→ Instructions to follow:
Read the lines of the data below and retrieve those with "image".

→ Data to examine:
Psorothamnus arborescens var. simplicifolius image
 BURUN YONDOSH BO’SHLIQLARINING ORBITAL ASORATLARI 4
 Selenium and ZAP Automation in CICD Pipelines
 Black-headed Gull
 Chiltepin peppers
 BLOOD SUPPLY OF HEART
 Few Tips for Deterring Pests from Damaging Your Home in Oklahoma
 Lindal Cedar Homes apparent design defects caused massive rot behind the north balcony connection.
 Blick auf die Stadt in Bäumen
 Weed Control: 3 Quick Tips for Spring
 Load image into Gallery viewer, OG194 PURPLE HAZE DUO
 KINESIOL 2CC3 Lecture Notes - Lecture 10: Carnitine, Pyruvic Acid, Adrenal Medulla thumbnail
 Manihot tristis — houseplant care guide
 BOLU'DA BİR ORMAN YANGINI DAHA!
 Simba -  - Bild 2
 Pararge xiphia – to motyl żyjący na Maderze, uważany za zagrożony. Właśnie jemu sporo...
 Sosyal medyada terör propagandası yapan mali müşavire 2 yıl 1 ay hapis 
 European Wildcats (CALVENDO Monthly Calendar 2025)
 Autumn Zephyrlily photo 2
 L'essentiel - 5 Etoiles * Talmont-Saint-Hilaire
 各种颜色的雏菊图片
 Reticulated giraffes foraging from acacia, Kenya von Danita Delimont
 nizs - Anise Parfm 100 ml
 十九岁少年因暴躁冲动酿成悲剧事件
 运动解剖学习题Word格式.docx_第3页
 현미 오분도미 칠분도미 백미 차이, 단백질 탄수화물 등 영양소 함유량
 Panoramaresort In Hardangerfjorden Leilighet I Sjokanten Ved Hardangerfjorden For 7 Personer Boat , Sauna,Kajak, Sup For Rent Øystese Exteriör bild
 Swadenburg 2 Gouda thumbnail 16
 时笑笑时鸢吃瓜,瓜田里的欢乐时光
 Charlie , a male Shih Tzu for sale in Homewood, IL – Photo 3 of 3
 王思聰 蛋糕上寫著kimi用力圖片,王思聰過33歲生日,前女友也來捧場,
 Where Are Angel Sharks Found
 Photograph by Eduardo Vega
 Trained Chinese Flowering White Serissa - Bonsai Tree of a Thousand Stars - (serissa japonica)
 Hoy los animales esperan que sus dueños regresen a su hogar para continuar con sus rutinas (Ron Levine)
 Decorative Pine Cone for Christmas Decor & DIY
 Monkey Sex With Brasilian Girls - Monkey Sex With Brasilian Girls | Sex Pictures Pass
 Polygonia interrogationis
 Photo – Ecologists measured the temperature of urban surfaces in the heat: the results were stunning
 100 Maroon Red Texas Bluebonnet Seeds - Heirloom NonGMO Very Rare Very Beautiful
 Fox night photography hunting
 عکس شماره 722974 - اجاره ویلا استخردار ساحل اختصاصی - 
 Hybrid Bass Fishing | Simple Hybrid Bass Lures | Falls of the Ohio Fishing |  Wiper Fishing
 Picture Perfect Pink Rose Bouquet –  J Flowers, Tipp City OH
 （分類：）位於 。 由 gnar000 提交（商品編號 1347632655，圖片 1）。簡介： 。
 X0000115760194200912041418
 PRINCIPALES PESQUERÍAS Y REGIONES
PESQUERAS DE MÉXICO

→ Result of this exercise:
Psorothamnus arborescens var. simplicifolius image
 Load image into Gallery viewer, OG194 PURPLE HAZE DUO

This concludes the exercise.